● **Exercise description**
A complete response lists each line of the data below that includes the word "Summer".

● **Material provided**
┌────────
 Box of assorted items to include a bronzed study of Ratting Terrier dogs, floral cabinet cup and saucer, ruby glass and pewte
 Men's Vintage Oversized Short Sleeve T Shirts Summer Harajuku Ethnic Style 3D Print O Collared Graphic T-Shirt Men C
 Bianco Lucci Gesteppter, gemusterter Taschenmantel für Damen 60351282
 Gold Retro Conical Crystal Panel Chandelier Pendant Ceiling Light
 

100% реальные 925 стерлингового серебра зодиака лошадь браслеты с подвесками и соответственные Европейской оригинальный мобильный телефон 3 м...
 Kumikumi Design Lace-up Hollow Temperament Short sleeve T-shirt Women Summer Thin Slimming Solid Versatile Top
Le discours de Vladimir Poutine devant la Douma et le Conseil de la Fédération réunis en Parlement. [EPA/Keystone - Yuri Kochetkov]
└────────
┌────────
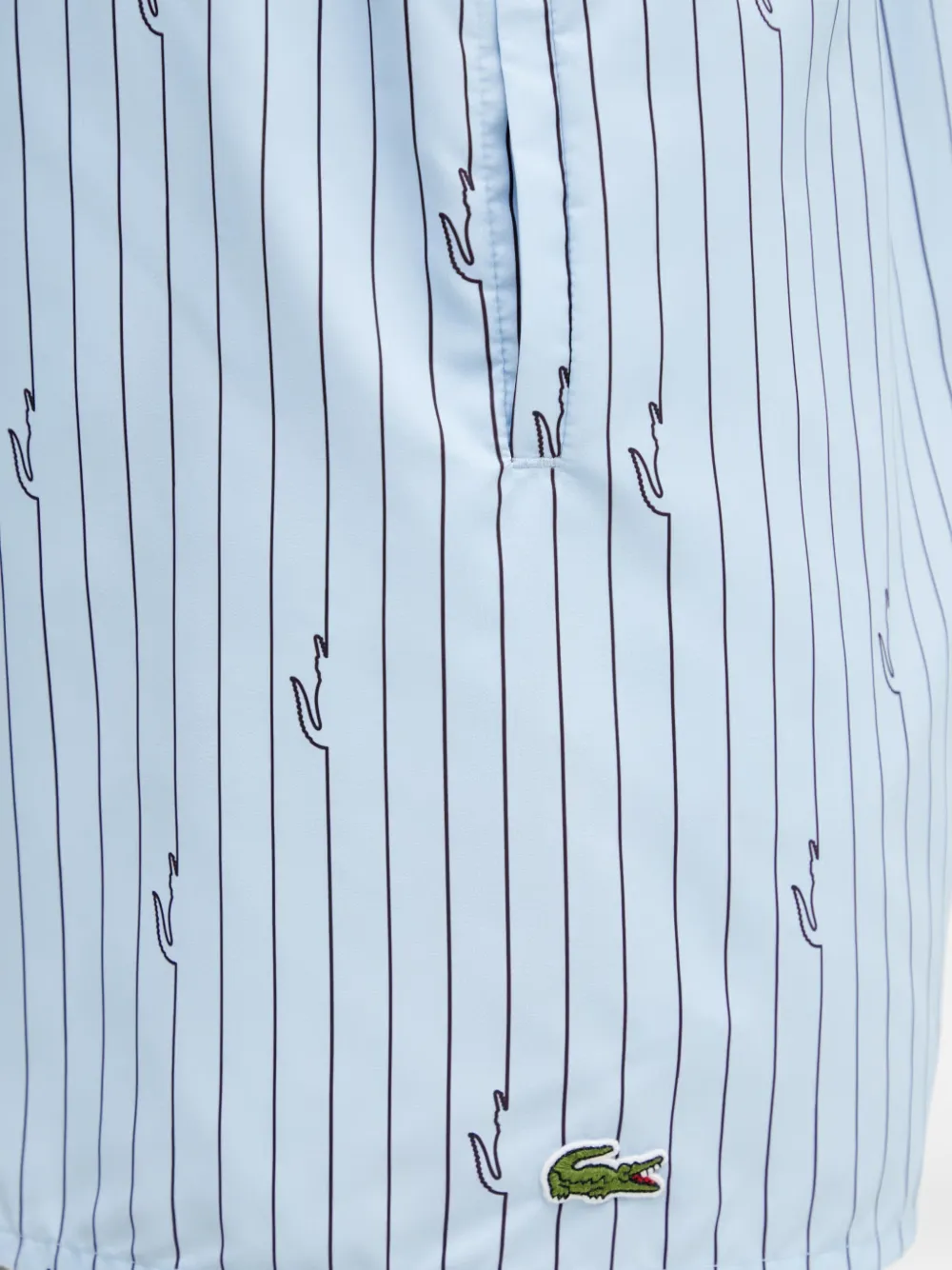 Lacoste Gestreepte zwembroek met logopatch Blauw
└────────
● **Task solution**
 Men's Vintage Oversized Short Sleeve T Shirts Summer Harajuku Ethnic Style 3D Print O Collared Graphic T-Shirt Men C
 Kumikumi Design Lace-up Hollow Temperament Short sleeve T-shirt Women Summer Thin Slimming Solid Versatile Top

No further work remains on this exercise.